Miguel Ángel Mancera
Miguel Ángel Mancera stands in front of a golden shield depicting an old Mexico City's shield. He looks directly to the camera. He wears a black suit.
Mancera in 2014 at the Old City Hall (Mexico City City Hall).
6th Head of Government of the Federal District
Incumbent
Assumed office
December 5, 2012
Preceded by Marcelo Ebrard
Attorney General of Mexico City
In office
July 8, 2008 – January 6, 2012
Preceded by Rodolfo Félix Cárdenas
Succeeded by Jesús Rodríguez Almeida
Personal details
Born Miguel Ángel Mancera Espinosa
(1966-01-16) January 16, 1966 (age 48)
Mexico City
Political party None[A]
Residence Mexico City
Alma mater National Autonomous University of Mexico
Website decidamosjuntos.mx

Miguel Ángel Mancera Espinosa[1] (born January 16, 1966 in Mexico City)[2] is the Mayor of Mexico City, a lawyer and politician who works with the Party of the Democratic Revolution (PRD).[A] Mancera graduated from the Faculty of Law of the National Autonomous University of Mexico (UNAM) in 1989, and was awarded the Gabino Barreda Medal two years later, for being the best student of his class. He has a Master's degree from the University of Barcelona and the Metropolitan Autonomous University, and a Juris Doctor from the UNAM.

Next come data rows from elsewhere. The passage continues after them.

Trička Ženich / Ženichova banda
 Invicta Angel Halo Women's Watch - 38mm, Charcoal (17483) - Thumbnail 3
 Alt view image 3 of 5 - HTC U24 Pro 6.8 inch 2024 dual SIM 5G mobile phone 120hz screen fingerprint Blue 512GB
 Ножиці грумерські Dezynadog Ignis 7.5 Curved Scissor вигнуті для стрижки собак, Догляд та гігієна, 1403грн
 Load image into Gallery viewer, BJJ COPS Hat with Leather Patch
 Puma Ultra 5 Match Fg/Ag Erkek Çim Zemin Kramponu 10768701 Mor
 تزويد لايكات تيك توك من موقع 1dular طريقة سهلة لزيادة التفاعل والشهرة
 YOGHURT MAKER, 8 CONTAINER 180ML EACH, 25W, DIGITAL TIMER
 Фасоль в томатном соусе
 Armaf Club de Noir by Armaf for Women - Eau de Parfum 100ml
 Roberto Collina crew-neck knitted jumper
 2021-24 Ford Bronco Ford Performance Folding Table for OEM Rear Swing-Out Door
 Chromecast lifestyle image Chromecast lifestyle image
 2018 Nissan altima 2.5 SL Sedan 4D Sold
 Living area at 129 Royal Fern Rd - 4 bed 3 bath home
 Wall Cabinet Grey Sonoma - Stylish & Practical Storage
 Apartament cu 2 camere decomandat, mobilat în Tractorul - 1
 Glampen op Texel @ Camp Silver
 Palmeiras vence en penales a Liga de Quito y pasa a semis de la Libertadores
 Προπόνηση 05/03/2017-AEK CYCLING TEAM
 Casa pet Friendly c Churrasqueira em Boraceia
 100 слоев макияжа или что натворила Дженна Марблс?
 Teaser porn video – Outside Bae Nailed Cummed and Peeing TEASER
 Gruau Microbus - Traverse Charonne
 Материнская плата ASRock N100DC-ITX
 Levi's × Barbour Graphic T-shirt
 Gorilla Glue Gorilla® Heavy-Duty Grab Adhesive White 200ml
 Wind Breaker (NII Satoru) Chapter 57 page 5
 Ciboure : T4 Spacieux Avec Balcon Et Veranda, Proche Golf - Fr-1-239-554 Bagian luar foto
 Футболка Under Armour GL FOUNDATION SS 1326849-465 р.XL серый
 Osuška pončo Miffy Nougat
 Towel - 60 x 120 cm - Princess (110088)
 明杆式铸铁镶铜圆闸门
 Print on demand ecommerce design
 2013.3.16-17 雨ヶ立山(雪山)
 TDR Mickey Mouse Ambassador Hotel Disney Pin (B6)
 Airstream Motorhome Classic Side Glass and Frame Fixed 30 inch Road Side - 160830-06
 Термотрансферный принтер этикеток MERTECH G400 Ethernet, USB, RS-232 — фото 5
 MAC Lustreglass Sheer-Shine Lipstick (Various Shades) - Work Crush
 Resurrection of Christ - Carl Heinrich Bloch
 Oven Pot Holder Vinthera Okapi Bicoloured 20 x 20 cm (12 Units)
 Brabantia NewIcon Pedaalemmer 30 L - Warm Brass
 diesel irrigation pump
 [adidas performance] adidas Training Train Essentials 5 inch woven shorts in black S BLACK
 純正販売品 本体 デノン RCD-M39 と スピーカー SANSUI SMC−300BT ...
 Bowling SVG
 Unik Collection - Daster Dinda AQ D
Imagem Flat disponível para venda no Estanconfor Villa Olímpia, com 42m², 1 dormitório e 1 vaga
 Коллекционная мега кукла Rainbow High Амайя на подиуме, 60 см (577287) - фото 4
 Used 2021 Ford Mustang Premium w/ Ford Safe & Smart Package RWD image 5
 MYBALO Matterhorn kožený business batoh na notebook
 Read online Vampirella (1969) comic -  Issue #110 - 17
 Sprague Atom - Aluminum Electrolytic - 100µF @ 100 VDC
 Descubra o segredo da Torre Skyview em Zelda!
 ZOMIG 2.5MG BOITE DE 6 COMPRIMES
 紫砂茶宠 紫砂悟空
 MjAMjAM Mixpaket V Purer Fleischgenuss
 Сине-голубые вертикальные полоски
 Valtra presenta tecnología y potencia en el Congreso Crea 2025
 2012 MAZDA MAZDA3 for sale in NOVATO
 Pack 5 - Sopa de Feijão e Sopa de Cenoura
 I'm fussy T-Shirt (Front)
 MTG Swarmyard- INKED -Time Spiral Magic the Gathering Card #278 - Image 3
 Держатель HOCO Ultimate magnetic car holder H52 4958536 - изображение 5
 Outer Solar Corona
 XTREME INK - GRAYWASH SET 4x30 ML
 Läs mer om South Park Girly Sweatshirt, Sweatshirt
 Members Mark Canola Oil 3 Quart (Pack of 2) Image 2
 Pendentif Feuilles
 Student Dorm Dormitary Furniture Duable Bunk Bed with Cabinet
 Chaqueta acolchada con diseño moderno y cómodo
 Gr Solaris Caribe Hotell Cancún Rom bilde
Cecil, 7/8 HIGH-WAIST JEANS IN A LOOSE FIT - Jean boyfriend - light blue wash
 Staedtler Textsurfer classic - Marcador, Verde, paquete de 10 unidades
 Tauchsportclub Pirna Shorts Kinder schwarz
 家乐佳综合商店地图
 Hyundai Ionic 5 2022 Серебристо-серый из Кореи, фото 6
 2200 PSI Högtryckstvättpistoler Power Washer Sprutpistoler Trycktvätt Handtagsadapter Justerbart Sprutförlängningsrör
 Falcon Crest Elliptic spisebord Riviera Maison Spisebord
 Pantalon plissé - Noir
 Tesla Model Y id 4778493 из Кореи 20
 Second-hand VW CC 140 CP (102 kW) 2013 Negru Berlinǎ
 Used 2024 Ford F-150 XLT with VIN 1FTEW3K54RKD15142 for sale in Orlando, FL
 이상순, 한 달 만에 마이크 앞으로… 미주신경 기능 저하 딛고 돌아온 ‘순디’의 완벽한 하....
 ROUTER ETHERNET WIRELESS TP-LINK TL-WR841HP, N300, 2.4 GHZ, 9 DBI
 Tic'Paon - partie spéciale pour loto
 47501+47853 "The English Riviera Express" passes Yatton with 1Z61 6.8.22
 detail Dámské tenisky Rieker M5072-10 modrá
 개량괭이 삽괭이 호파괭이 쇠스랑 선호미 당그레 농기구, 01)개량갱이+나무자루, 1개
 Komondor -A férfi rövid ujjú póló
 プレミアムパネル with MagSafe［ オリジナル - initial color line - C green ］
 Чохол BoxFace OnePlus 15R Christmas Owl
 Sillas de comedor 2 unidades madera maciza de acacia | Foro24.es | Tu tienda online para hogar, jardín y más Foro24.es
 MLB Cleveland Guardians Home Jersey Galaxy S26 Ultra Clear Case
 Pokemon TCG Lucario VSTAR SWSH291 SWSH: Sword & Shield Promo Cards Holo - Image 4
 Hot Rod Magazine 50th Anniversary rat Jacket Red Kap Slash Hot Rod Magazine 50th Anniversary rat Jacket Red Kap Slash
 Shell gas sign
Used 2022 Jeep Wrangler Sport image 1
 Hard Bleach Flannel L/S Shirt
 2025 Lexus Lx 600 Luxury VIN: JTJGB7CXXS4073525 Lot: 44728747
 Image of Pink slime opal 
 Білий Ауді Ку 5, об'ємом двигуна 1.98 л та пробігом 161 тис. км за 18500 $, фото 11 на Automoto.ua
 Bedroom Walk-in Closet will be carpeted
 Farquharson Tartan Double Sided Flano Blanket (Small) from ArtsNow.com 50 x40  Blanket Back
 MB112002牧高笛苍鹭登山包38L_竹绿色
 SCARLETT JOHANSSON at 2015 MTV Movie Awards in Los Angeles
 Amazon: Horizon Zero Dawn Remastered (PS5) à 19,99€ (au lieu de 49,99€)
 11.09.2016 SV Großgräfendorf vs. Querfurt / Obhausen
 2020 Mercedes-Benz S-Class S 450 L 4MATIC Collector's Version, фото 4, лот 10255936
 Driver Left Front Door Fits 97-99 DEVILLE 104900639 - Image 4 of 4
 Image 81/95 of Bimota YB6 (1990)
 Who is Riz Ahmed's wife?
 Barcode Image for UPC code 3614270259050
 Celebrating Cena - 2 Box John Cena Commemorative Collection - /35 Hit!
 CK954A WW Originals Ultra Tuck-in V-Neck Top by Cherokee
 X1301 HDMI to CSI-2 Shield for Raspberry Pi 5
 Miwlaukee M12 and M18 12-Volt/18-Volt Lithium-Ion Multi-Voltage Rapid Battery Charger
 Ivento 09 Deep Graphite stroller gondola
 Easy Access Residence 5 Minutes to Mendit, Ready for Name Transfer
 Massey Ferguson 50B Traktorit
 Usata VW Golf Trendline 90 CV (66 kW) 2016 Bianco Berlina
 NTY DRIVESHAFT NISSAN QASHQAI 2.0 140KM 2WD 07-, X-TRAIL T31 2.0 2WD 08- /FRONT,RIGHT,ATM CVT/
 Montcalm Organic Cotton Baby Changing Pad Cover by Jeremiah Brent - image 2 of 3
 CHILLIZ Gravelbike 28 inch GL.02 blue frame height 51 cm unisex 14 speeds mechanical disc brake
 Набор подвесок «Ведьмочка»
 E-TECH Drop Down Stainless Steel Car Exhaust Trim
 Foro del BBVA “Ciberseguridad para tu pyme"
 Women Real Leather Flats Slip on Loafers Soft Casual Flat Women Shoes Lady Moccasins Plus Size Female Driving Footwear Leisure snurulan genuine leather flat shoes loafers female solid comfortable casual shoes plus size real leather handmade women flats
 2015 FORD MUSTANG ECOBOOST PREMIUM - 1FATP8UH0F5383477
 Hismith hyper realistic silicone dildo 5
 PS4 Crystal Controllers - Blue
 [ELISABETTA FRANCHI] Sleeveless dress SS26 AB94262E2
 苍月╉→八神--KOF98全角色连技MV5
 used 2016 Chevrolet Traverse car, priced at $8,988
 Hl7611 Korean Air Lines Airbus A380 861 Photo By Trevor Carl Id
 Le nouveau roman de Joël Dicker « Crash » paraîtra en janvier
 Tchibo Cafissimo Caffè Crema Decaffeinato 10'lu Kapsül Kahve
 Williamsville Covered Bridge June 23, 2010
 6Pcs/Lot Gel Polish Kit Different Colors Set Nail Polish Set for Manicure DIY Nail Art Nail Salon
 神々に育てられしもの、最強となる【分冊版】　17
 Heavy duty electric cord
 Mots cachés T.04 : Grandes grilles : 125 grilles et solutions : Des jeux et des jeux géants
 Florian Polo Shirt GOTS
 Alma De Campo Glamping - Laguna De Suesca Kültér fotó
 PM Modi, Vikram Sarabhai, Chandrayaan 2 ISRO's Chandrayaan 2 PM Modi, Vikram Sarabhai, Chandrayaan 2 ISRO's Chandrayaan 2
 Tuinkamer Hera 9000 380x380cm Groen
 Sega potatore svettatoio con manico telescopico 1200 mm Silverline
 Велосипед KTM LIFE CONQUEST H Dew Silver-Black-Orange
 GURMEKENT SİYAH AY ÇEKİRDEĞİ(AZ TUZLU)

Mancera has been a professor at multiple universities, including the UNAM, Autonomous Technological Institute of Mexico and University of Mexico Valley. In 2002, he began working as bureaucrat when Marcelo Ebrard, then-Secretary of Public Security of Mexico City, invited him to be his adviser. In 2006, Mancera became Assistant Attorney General, and from 2008 to 2012 he worked as Attorney General of the city. According to official reports, from 2010 to 2011 crime in Mexico City decreased by up to 12%.[3] In early 2012, Mancera became the candidate of the Progressive Movement coalition, composed of the political parties PRD, Labor Party and Citizens' Movement Party, for Head of Government of the Federal District in the July 1, 2012 elections. On July 7, 2012, Mancera became Mayor-elect after he won with over 63% of the vote, and took office on December 5, 2012.[1][4]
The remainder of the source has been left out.